No es nuestra intención dirigiros un discurso, pues la vivacidad natural de vuestros años encontrará demasiado larga ya la duración de esta audiencia. Queremos deciros solamente, ¡bravo! Ganar un concurso diocesano al que se presentan otros niños y niñas, ciertamente preparados, entrenados en mnemotecnia, en prontitud de respuestas, con amplitud de estudio, vencer en semejante concurso, es señal de que habéis sido bravos de verdad. Os lo decimos, pues, de corazón.
Y con nuestras palabras os lo dice Jesús, cuyas funciones humildemente realizamos aquí en la tierra; Cristo que, como en los tiempos de su vida terrena, os mira con especial predilección y, como entonces, quiere acariciaros, abrazaros, y estrecharos junto a su corazón, diciendo a los mayores: “Dejad que los niños vengan a mí” (Mc 10, 14).
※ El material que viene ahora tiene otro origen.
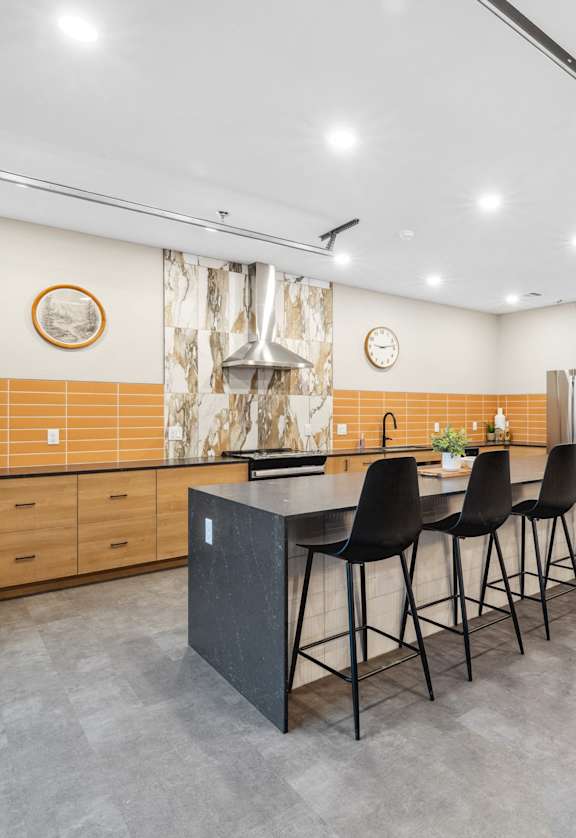 the preserve at ballantyne commons cyber lobby with bar stools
Para mejor conocerle habéis estudiado muy bien el catecismo, para vivir en Él y de Él habéis comenzado a entrar en el sugestivo mundo de la liturgia y de la vida de la Iglesia; para llevarle a vuestros compañeros de juego y de escuela os abrís a las primeras conquistas entusiastas del apostolado.
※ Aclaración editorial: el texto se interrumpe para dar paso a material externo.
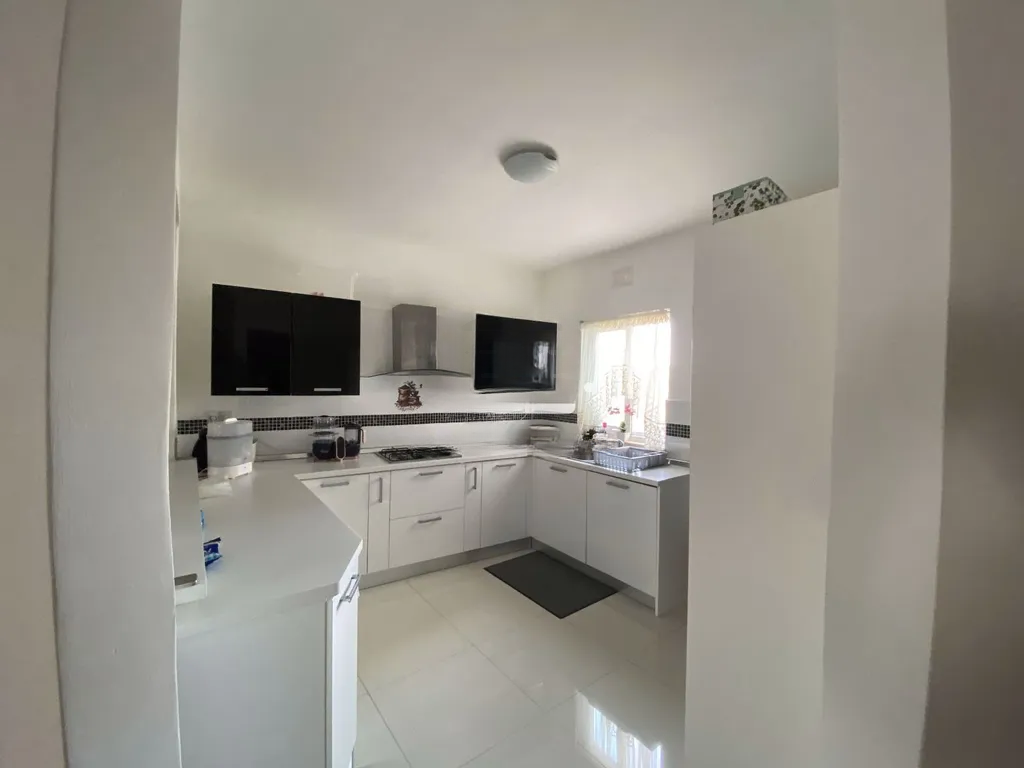 Квартира в Сан-Лоренце, Мальта, 110 м² - фото 11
Que Jesús sea vuestra vida, vuestro alimento, vuestra luz, vuestro amigo, hoy durante los años preciosos y fugaces de la infancia, mañana en los compromisos de la adolescencia y luego siempre, siempre durante toda la vida. Este es nuestro augurio, nuestra oración, nuestra bendición, en la que queremos comprender a los consiliarios y dirigentes centrales y diocesanos aquí presentes, a los delegados parroquiales, cuya actividad merece el más amplio elogio, a los padres lejanos y a todos los que en la parroquia se dedican con generosidad y fervor a la completa formación cristiana de estas bellas esperanzas de la Iglesia, retoños de juventud buena y pura, consuelo profundo del corazón del Papa.